- [EXTRACTED MATERIAL]:

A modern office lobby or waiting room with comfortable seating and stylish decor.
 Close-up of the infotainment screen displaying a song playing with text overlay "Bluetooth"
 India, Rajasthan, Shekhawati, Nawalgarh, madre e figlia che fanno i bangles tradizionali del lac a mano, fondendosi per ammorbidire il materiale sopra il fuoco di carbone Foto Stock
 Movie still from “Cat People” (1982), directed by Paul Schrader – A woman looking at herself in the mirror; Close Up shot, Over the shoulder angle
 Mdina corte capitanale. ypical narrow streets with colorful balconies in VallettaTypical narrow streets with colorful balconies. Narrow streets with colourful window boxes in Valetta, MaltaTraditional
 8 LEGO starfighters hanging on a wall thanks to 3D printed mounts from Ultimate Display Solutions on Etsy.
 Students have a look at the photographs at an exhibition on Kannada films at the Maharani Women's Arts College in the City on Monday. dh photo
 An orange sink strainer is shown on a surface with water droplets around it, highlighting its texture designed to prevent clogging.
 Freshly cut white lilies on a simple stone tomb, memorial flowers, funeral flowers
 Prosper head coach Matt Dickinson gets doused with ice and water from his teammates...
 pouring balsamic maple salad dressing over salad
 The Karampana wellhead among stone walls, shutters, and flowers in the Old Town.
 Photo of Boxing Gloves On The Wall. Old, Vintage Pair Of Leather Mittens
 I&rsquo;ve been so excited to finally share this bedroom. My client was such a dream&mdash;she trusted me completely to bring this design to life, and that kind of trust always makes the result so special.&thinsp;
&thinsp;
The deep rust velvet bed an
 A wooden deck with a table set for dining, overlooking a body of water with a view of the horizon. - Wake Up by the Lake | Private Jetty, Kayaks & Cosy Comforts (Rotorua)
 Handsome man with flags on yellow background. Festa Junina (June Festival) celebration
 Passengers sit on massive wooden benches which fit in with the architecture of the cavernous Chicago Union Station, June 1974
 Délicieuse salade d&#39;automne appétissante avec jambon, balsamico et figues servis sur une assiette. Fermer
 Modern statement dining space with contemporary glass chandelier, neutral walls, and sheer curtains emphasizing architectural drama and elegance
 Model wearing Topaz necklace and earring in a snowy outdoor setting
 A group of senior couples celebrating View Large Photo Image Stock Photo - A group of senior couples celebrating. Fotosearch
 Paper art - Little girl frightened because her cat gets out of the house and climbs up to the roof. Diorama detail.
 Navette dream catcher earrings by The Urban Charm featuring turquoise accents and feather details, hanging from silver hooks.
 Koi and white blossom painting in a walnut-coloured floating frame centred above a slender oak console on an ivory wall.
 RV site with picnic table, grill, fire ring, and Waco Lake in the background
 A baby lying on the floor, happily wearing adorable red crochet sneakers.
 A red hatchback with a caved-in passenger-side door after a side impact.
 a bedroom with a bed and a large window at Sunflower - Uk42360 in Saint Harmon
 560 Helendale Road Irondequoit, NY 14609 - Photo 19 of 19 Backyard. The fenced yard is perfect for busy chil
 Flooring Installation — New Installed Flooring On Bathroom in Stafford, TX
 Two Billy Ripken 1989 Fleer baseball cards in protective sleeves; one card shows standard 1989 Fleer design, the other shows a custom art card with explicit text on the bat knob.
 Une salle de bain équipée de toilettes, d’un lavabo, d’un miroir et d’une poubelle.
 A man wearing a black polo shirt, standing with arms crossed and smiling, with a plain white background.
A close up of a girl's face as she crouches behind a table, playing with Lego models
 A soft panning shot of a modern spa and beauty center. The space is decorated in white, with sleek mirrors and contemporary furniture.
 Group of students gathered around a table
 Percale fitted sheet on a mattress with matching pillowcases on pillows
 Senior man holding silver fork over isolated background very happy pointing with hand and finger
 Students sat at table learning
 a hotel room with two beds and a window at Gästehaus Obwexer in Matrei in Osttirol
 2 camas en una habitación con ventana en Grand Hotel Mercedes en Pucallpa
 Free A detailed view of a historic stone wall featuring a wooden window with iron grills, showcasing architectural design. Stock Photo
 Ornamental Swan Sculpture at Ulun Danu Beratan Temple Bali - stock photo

- [WHAT TO DO]: From the records above, quote only the lines running from the line with "Passengers sit on" to the line with "Délicieuse salade d&#39;automne", both lines included.

- [REPLY TO THE TASK]:
 Passengers sit on massive wooden benches which fit in with the architecture of the cavernous Chicago Union Station, June 1974
 Délicieuse salade d&#39;automne appétissante avec jambon, balsamico et figues servis sur une assiette. Fermer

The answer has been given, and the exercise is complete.